Allo stesso modo in cui aveva affogato nell’ambient l’ultimo frammento del suo DJ Kicks, Daniel Avery riprende le fila di un discorso musicale che sulla lunga distanza era rimasto interrotto da ben un lustro. Rispetto ai tempi del debut album – Drone Logic (2013) – in cui i terreni privilegiati erano la techno minimale di Hawtin e la progressive, in Song For Alpha è il catalogo Warp a venir saccheggiato.

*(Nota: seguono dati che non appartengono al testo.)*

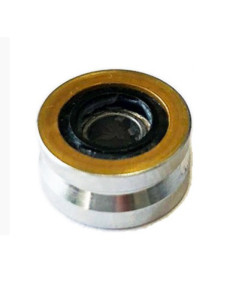 Shimano guia hilo line roller power aero 14000 XTB-XSB (con rodamiento) (10RB6)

Il disco pare prendere vita da una maggiore attenzione per la spazialità del suono, e dietro a questa c’è il racconto di una vita in viaggio tra le stanze buie dei dancefloor e altrettanto notturni hotel a quattro stelle, dai posti assegnati in aereo ai soundcheck nei club e nei festival, una quotidianità sempre più in sintonia con le solitudini del dopo club che dal concreto esperienziale scivolano nel subliminale, arrivando a toccare quell’idea di “morte del rave” che più volte abbiamo ascoltato su Werk discs. Più di ogni cosa Song For Alpha sembra omaggiare un’era ormai lontana: ci troviamo tanti 90s quanti ne abbiamo scovati in precedenza nei dischi di Lone. Certo, i riferimenti dance & rave non coincidono totalmente, ma sull’IDM entrambi si ritrovano e si perdono, con Avery in particolare ad affogarci un po’ in questo ermetico futurismo techno sospeso tra le nuvole.
In definitiva, muovendosi con ampie falcate tra Boards Of Canada e Robert Hood, Aphex Twin e Plaid, il producer non riesce a trovare la propria voce, macchiando il disco con una gassosa nostalgia che toglie all’ascolto il piacere della scoperta e dell’immediatezza.